The next file created in this directory will go into the unused slot, although it will probably have a different inode number. The integer between the permissions and the owner is the number of links to the file.

If you create a hard link, the inode will be the same. You can create a hard link using the command: ln old_file new_file


If you create a soft link (shortcut), the inode will be different. You can create a soft link using the command: ln -s old_file new_file

The inode number of file inode and inode_copy is different, because they are different files, even though they contain the same contents.

Total inodes

To check how many inodes are available and how many you have used, you can use df -i or df -ih command.

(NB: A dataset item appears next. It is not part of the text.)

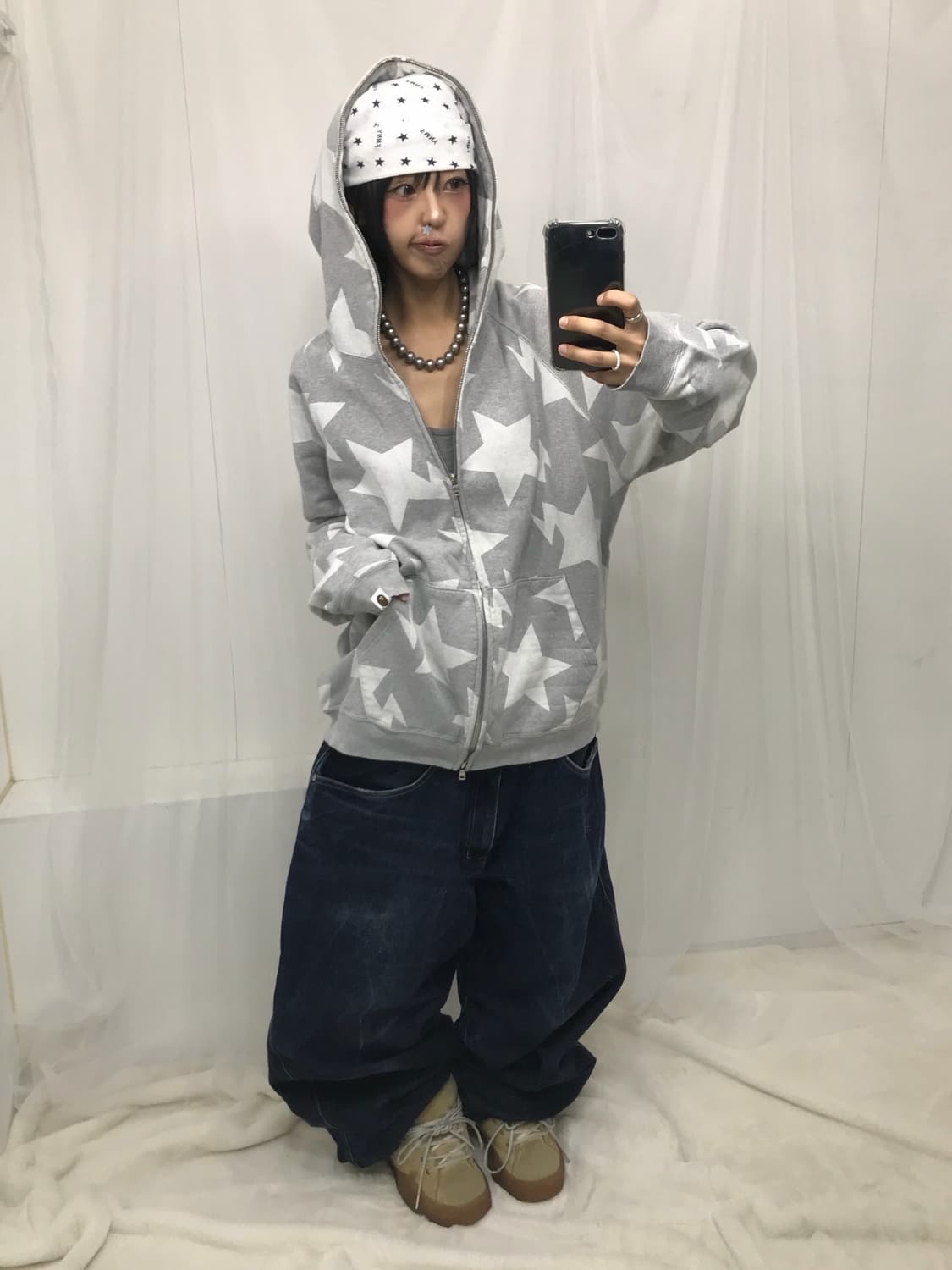 베이프 스타패턴 투웨이 후드집업 ( 레ㅔㅔㅔ어 ) 상품이미지6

What happen if all inodes are used?

If you exhaust all the available inodes, then you won’t be able to create a new file. Inodes are not dependent on hard disk space, even if you have space left in hard disk but inodes are finished, it’s next to impossible to create a new file in Linux.

Additional ways Inodes are used

The way inodes work in Linux makes it impossible to have conflicting inode numbers. You can use soft links across different file systems, but for hard links, it is not possible. You can delete the original files and still have the data available through a hard link.

By deleting a file, all you have done is remove one of the names pointing to a specific inode number. The data will remain until you delete all names associated with the same inode number. Linux systems update without requiring a system reboot in large part because of the way inodes work. Users don’t interact directly with inodes, but they do represent a fundamental component of Linux file structures.